Morir en San Hilario se basa en una idea tan vieja como el mismo cine, la del intercambio de personalidades y su correspondiente enredo. Debido a un malentendido de partida y a una serie de acontecimientos, un gánster apodado El Piernas (Lluís Homar) da con sus huesos en una pequeña localidad situada en un país indeterminado, San Hilario, donde sus habitantes le confunden por un anciano que había anunciado su llegada al pueblo para morir en él y ser enterrado en su cementerio. A partir de esa premisa, Laura Mañá construye un relato que funciona a medias entre la tragicomedia costumbrista, con atención puntual a la cotidianidad de las figuras más relevantes de la localidad y la relación que establecen con El Piernas, y la vocación de realismo mágico --que en los años 60 acuñaron Gabriel García Márquez y sus adláteres-- que ya presidía el primer filme de la realizadora, Sexo por compasión .

Lo más logrado es que funde bastante bien dos modos de representación en principio tan opuestos como puedan serlo el realismo mágico y el costumbrismo. Los elementos de uno se integran en los del otro sin aparentes fricciones, conviviendo con cierta soltura pese a la endeblez de algunos de los episodios del filme y el irrelevante papel dramático que juegan varios personajes.

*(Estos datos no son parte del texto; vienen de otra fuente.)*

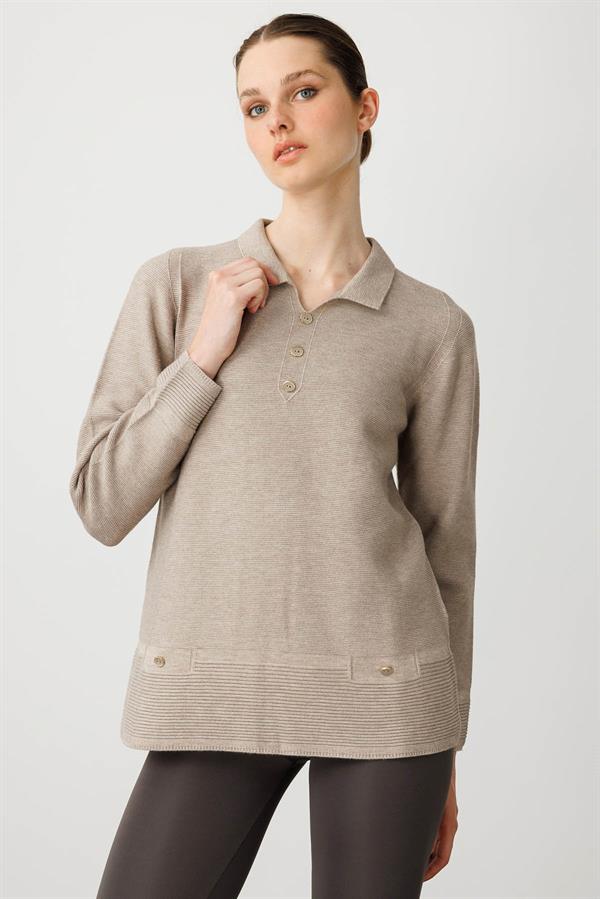 Kadın Polo Yaka Sahte Cepli Kazak Vizon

El punto de partida ya es de por sí bastante fantasioso. San Hilario fue un pueblo célebre en el pasado precisamente por sus funerales: todo el mundo quería morir allí y que sus restos reposaran en la tierra de su encantador y coqueto camposanto. Cuando arranca la historia, San Hilario está desposeido de ese atributo gracias al cual vivían todos sus habitantes, aunque la llegada del gánster reconvertido en supuesto moribundo genera nuevas y renovadas expectativas.

La trama principal es, por supuesto, la de la relación que El Piernas establece con las fuerzas vivas del pueblo y cómo al calor de su nueva amistad llega a replantearse su vida futura. Sin levantar demasiado la voz, Laura Mañá va encontrando su hueco en el mapa cinematográfico español.